I expect many of these problems to mostly effect less-visited tags. More visited tags will probably end up with lots of users contributing, resulting in a "wisdom of crowds". But I expect at least half of Tag Pages to be sparsely attended, and for the relevance votes to be much noisier than just sorting by karma.

Multiple Choice Voting Style

Advantages:

  • A single user can vote honestly based on their true beliefs about how relevant a tag is, adding a bunch of tags at once and accurately sorting them.
  • I personally find it more intuitive (I don't have any conflicting intuitions ported over from karma)
  • The Tag Page becomes simpler – you don't need to show relevance at all, you just use it to establish major categories.
  • It lets karma remain relevant, without being very confusing. (A few people have suggested "sort by relevance + karma", but the problem is that makes relevance much more confusing, removing it's clarity advantage)

Disadvantages:

  • It requires building a whole new system. This is nontrivial. (It's probably only around a week of work, but there are lots of other things we could build in a week, and if most people find Karma Relevance pretty intuitive it may not be worth it)
  • Users have to learn a new system. I'm guessing that system wouldn't be that hard to learn, but I think "median vote" is a somewhat more confusing concept than "sort by a number" (especially when you factor in vote weight)

I found the current karma-style relevance to be surprisingly intuitive. My impression of tags is that the main problem is figuring out what is allowed to be a tag or not - I'm not sure how this was done, but the tags seem to be good.

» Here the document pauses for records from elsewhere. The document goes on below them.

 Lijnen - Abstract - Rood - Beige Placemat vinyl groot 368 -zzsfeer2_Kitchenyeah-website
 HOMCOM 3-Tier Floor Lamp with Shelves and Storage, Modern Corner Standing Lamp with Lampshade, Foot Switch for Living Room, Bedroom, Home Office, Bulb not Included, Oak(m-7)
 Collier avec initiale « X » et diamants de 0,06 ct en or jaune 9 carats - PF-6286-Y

I think "top" posts can be some combination of high karma, high tag relevance, and curated.

There is the additional problem of "Meditations on Moloch" was read by a lot of people, so it will get high karma and high tag relevance, and maybe be curated because it is high quality. This suggests that the multiple choice system is better able to bucket posts.

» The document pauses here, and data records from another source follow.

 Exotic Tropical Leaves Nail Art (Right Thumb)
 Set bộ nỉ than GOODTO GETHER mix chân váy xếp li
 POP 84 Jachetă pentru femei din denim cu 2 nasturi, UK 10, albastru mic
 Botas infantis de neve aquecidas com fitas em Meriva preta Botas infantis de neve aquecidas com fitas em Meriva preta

I think I want any tagging system to be able to separate between posts that use the concept and posts that try and explain the concept. There will not be that many of the later, but they should be prioritized on the tag's page (there are possibly only 1 or 2, in which case a form of curation but for specific tags might solve the issue).

I like the current karma style relevance system and think it's worthy to be given a good trial period. If after a year we find that not enough people vote on tags, we can introduce other features, but I think the tag functionality as it is functional enough to warrant a good trial period.

Meta on format: Why didn't you use the question feature for this post?

Meta on content: yay, I really like those kind of improvement!

Object: epistemic status: thinking outloud right after having read the post, before reading the comments (as requested), and not having thought about this much before; not confident

it seems like system 1 asks "which categories belong to the post the most?" whereas system 2 asks "which posts belong to the category the most?", sort of. I think most of the time, categorization is useful for system 2's purpose (ie. searching for articles in a specific category), and when you want to know the categories of a specific post before reading it, system 2 should still be able to play system 1's role.

also, system 2 shows the average instead of the sum, which might better represent the categorization. on the other hand, knowing the number of votes that the categorizations received is useful to know how large the sample was.

both systems seems to allow for 5 options, so are equally fine-grained (although maybe system 2 for more as it seems you can select two options from the video?)

voting system is more intuitive (flows better?) because we already use it

I wonder if the post writer should have more votes or something

Voting seems to fit if you're okay with things not fitting together. If you want things to fit together, a set of "Economic" sequences/posts with an intentional order might work better.